Why Men Are Bad At “Feelings”

Mating in mammals has a basic asymmetry – females must invest more in each child than males. This can lead to an equilibrium where males focus on impressing and having sex with as many females as possible, while females do most of the child-rearing and choose impressive males.

Since human kids require extra child-rearing, human foragers developed pair-bonding, wherein for a few years a male gave substantial resource support to help raising a kid in trade for credible signs that the kid was his. Farmers strengthened such bonds into “marriage” — while both lived, the man gave resources sufficient to raise kids, and the woman only had sex with him. Such strong pair-bonds were held together not only by threats of social punishment, but also by strong feelings of attachment.

Such bonds can break, however. And because they are asymmetric, their betrayal is also asymmetric. Women betray bonds more by temporarily having fertile sex with other men, while men betray bonds more by directing resources more permanently to other women. So when farmer husbands and wives watch for signs of betrayal, they watch for different things. Husbands watch wives more for signs of a temporary inclination toward short-term mating with other men, while wives watch husbands more for signs of an inclination to shift toward a long-term resource-giving bond with other women. (Of course they both watch for both sorts of inclinations; the issue is emphasis.)

This asymmetric watching for signs of betrayal produces asymmetric pressures on appearances. While a man can be more straight-forward and honest with himself and others about his inclinations toward short-term sex, he should be more careful with the signs he shows about his inclinations toward long term attachments with women. Similarly, while a woman can be more straight-forward and honest with herself and others about her inclinations toward long-term attachments with men, she should be more careful with the signs she shows about her inclinations toward short term sex with men.

For both men and women, carelessly strong signs of an inclination toward betrayal could needlessly break their marriage. Of course it may sometimes be in one’s interest to show weak signs of such an inclination, as a threat to induce better terms of trade in the relation. But such brinksmanship should be done very carefully.

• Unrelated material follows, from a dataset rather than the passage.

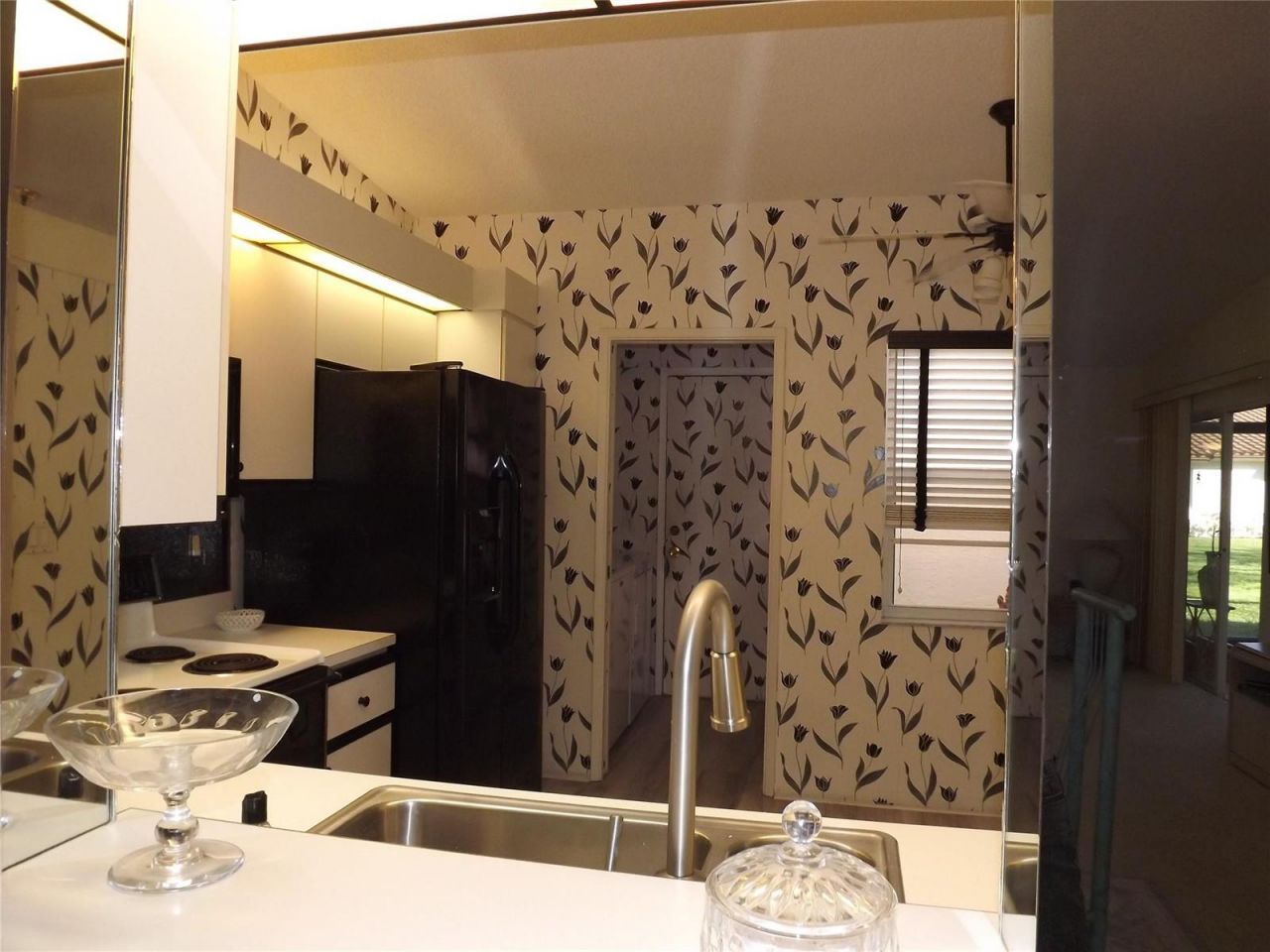 6083 Millington Way , Unit 6083, Delray Beach, FL 33484 Photo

Men and women may have evolved, either genetically or culturally, to adapt to these pressures on their appearances. If so, then we should expect men to be more self-aware, transparent, and simple regarding their feelings about short-term sexual attractions, while women have more complex, layered, and opaque feelings on this subject. In contrast, women should be more more self-aware, transparent, and simple regarding their feelings about long-term pair-bonding, while men have more complex, layered, and opaque feelings on this subject. By being more opaque on sensitive subjects, we can keep ourselves from giving off clear signals of an inclination to betray.

Standard crude stereotypes of gender differences roughly fit these predictions! That is, when the subject is one’s immediate lust and sexual attraction to others, by reputation men are more straight-forward and transparent, while women are more complex and opaque, even to themselves. But when the subject is one’s inclination toward and feelings about long-term attachments, by reputation women are more self-aware and men are more complex and opaque, even to themselves.

So let’s sum up. Why don’t men express their “feelings”?  (At least about “love” – they easily express “feelings” about sex.) And why don’t women know when they are “horny”? Perhaps because such knowledge is dangerous – if you know it, then others may learn what you know from you. Which might destroy your marriage. So our feelings may be most opaque to us when we need them to be opaque to others. Homo hypocritus mates.

Added 10a: Similar incentives apply in the gradual creation of a long-term bond. He slowly becomes more inclined to devote resources to her over a long term, while she slowly becomes more inclined to become sexually exclusive with him. Neither side should too easily give all they have to offer before the other side has given all it has to offer. Opaque feelings help to manage such a slow matched escalation in feelings.

This whole story requires that given ambiguous signals people tend to assume the best, rather than assume the worst. Seems to apply to people, though I’m not sure why.

Added 1Aug: As I commented, “husbands having outside sex, and women breaking off the long term relation, are both weaker forms of betrayal than vice versa. As a weaker form of betrayal, people feel more free to do them.”